I muri di Milano

Bruno Gambardella

Milano è una grande città moderna, forse la più europea delle metropoli italiane. La crisi finanziaria internazionale qui si è fatta sentire, eccome, ma l’immagine di “capitale del fare” non è stata intaccata. Passeggiare per il centro significa sì incontrare capolavori dell’arte e i monumenti allo shopping più costoso e di classe, ma anche immergersi in un mondo fatto di uffici finanziari, agenti di borsa, grandi banche.

A differenza di altre grandi città che praticamente non hanno più una periferia (si pensi all’asse Roma-Caserta-Napoli-Salerno: praticamente un tutt’uno senza soluzione di continuità), Milano è circondata dalla campagna ed alcuni quartieri potrebbero offrire una qualità della vita decisamente superiore a quella del centro o di altre città cresciute diversamente. Lo aveva intuito decenni fa il costruttore Silvio Berlusconi, inventore dei ghetti per ricchi chiamati Milano 2 o Milano 3, ma certe scelte urbanistiche potrebbero funzionare ancora oggi per l’edilizia popolare e per quella di media qualità.

Nella zona nord-ovest di Milano i cittadini non discutono di riqualificazione edilizia o di città-verde ma su come proteggersi dall'invasione di roulottes, accampamenti, baracche di rom e clandestini. Ultimamente hanno deciso di recintare l'area occupata - per lo più prati abbandonati - con cumuli di terra in modo da evitare il passaggio agli "ospiti".

 

I milanesi di periferia, stanchi di dover abitare in case protette da inferriate e allarmi laser, di avere paura di essere minacciati e di essere continuamente derubati e scippati, chiedono una svolta definitiva a questa battaglia che va avanti da anni: il Comune interviene per liberare le aree occupate dagli zingari, questi si spostano altrove e poi ritornano. E la storia è sempre la stessa ad ogni sgombero.

I cittadini hanno così deciso di intervenire personalmente, solcando il terreno in modo da creare una vera e propria barriera e prevenire l'ingresso nei campi con la speranza che, come già successo in una cittadina della provincia lombarda qualche anno fa, i rom non intervengano con ruspe per spianarsi la strada.

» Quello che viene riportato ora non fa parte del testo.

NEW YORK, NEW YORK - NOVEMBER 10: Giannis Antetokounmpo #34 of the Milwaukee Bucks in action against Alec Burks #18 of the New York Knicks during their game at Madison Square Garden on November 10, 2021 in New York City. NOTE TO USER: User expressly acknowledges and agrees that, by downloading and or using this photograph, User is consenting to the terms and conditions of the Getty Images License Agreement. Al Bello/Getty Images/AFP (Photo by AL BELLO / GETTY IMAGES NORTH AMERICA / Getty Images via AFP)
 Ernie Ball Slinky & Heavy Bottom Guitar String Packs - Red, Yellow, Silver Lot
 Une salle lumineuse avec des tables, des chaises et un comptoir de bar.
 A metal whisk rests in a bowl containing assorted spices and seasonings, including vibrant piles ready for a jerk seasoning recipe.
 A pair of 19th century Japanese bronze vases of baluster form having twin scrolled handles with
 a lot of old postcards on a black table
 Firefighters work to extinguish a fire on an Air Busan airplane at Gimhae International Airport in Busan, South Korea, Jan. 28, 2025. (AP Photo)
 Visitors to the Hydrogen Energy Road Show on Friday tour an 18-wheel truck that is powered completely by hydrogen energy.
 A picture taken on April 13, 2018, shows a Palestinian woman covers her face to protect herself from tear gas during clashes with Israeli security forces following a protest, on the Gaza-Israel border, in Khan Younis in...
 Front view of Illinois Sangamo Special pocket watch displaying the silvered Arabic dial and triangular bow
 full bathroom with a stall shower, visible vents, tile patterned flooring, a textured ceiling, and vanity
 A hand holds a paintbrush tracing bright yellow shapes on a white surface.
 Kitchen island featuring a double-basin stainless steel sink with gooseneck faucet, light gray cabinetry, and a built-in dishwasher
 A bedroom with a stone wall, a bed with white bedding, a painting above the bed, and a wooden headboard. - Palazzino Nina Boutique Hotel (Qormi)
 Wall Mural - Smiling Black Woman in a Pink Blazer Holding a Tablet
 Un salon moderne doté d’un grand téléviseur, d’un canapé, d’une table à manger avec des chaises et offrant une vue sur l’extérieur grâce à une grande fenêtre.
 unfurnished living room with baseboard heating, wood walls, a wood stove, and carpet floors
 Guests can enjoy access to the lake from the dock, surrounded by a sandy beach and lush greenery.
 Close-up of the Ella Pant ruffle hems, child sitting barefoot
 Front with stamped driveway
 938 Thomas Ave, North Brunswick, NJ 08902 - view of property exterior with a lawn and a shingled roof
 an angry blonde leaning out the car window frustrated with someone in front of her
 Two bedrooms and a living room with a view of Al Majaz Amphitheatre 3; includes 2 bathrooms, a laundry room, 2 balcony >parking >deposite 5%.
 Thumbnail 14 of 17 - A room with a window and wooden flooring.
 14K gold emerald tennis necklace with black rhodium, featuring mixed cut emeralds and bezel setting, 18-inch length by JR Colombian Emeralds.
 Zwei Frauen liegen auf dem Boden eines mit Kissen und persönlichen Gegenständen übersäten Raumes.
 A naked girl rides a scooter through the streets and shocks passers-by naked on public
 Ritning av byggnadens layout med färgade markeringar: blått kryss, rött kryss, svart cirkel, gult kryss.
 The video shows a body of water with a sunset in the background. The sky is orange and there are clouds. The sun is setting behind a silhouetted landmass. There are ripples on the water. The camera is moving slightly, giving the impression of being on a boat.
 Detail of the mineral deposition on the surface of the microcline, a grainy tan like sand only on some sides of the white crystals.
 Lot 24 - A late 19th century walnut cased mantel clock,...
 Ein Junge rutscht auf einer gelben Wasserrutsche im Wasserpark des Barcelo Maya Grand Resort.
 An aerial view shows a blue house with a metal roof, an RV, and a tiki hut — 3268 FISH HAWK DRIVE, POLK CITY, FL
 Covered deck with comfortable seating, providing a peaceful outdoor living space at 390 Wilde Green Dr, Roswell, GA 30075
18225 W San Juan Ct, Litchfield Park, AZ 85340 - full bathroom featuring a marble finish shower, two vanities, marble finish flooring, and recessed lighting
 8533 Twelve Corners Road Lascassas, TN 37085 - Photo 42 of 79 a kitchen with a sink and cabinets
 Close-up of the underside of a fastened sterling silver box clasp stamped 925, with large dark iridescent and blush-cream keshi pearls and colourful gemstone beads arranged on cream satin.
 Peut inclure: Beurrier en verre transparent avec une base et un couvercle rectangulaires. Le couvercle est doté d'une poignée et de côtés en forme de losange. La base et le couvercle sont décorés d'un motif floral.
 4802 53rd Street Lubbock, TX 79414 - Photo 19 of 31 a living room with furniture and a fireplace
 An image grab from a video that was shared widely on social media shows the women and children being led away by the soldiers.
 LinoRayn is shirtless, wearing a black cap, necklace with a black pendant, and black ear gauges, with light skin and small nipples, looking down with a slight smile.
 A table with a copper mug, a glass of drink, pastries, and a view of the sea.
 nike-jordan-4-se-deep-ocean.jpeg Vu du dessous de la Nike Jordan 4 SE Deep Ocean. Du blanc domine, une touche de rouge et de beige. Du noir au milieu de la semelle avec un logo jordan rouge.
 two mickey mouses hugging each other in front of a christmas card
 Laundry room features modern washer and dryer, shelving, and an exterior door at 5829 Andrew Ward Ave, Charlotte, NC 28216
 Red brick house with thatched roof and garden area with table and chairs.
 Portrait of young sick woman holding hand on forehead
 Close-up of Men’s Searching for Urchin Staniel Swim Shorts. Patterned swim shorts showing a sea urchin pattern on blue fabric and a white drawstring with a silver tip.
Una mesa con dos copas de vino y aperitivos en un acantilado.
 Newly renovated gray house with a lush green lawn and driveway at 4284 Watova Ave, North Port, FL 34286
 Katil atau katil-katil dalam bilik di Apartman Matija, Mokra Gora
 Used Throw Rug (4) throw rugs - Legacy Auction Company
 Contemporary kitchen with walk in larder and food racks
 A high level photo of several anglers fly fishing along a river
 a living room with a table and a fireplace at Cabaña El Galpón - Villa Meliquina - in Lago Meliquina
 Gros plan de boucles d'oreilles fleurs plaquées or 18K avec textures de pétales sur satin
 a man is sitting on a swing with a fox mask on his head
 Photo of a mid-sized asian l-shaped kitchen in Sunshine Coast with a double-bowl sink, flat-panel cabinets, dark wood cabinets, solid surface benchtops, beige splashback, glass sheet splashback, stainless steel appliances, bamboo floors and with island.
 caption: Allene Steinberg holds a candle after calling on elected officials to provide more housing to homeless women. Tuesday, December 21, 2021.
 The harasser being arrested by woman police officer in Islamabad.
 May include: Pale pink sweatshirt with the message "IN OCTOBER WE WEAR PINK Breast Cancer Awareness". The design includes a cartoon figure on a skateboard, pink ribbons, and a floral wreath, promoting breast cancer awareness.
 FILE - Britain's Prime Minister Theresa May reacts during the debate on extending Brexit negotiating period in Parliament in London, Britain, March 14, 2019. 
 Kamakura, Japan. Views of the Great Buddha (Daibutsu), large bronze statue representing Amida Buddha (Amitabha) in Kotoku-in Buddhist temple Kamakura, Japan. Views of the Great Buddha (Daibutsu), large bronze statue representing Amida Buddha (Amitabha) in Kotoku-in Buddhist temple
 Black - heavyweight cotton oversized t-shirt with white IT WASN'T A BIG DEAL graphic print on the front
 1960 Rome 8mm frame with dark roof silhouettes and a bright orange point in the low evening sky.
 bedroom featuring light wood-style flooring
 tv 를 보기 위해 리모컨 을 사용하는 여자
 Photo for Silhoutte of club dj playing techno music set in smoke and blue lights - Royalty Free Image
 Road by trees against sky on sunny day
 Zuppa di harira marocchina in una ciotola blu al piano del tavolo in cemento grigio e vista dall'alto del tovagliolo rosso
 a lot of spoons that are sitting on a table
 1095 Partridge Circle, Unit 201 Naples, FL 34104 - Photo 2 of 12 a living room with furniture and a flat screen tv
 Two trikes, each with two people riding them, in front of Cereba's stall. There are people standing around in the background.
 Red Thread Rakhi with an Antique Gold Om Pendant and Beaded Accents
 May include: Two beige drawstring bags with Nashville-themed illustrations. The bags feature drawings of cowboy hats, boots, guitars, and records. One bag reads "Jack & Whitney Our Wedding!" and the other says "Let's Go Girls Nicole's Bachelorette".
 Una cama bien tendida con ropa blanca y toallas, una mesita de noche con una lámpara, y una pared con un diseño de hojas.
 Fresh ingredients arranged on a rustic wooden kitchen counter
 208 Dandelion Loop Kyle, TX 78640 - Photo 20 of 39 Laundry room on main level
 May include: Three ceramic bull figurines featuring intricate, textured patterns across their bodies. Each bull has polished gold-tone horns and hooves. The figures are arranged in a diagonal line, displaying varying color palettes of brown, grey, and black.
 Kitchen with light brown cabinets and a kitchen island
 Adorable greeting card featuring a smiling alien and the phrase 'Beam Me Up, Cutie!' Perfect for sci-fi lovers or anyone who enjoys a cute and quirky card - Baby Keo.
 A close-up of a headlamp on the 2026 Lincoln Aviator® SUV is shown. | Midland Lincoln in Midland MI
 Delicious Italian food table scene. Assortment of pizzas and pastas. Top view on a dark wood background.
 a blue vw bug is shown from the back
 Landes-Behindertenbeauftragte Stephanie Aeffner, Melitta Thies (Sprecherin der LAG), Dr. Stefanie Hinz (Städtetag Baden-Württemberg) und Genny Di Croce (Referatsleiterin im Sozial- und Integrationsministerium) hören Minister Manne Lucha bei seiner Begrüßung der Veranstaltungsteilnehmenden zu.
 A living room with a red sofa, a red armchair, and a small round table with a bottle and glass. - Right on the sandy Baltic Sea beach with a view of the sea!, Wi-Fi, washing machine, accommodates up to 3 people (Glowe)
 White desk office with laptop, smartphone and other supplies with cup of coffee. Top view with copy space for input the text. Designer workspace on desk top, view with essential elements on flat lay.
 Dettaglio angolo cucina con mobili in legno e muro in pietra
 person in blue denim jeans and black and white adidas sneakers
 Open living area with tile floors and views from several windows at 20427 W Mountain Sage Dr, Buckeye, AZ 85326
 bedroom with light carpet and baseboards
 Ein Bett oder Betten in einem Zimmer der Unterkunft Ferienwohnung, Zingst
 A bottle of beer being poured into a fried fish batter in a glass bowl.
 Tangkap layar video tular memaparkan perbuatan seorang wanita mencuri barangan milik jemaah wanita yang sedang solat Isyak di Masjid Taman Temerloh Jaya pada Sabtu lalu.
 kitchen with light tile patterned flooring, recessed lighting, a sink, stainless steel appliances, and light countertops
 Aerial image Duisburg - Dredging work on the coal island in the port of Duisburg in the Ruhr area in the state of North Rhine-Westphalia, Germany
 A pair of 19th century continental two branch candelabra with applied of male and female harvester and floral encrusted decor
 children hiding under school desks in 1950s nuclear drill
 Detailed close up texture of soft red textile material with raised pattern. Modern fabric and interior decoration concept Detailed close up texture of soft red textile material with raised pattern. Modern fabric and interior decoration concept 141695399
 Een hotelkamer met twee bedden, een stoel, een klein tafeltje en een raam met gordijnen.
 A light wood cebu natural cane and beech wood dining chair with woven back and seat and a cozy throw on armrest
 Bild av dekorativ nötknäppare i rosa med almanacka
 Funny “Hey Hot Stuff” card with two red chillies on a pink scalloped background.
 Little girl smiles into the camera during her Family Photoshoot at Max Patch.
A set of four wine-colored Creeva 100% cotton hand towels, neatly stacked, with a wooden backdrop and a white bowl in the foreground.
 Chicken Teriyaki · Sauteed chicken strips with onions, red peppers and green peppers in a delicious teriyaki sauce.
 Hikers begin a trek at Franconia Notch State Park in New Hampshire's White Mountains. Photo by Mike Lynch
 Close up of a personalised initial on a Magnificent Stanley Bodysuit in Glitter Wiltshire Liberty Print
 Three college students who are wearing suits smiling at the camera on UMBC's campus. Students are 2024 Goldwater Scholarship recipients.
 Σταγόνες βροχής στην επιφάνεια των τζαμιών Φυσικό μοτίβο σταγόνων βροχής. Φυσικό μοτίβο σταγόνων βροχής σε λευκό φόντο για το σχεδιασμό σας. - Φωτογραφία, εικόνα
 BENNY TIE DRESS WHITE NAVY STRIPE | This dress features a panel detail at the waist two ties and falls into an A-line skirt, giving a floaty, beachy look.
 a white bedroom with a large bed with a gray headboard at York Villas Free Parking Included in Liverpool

L'insediamento rom più grande della periferia milanese è situato in via Triboniano dove gli abitanti difendono le proprie abitazioni, oltre che con allarmi, anche con sbarre appuntite e filo spinato sui muri, nonostante il Comune abbia già innalzato un muro per separare il campo nomadi dalle abitazioni e abbia effettuato dal mese di gennaio, 160 sgomberi. Ma come ha dichiarato anche il vice sindaco Riccardo de Corato, il problema così viene solo spostato e non risolto.

Partono così le idee per restituire ai cittadini la sicurezza a cui hanno diritto.

Secondo il Comune di Milano una soluzione sarebbe innalzare dei muri divisori attorno ad ogni campo nomade. Secondo i critici invece occorre intervenire rafforzando la sicurezza notturna, in modo da prevenire anche gli atti vandalici, ed effettuando la recinzione dei parchi (come Il Parco delle Basiliche negli anni '90 e il parco in viale Montenero avvenuta qualche mese fa dove i giovani si ritrovavano fino a tarda notte disturbandola quiete) e delle strutture che possono fungere da riparo per profughi e clochardes come le gallerie.

Un'alternativa del tutto diversa e da prendere in considerazione è stata proposta da De Corato: il coinvolgimento delle aziende agricole per concimare e coltivare quei terreni abbandonati, in modo da evitare che possano essere occupati nuovamente e contribuendo così alla salvaguardia dell'ambiente e all'incremento economico dei Comuni coinvolti.

Quest’ultima ipotesi mi sembra intelligente ed efficace. Il problema dei rom esiste ed è inutile far finta di niente, ma credo sia chiaro a tutti che, mai e poi mai, sono stati i muri a risolvere le questioni.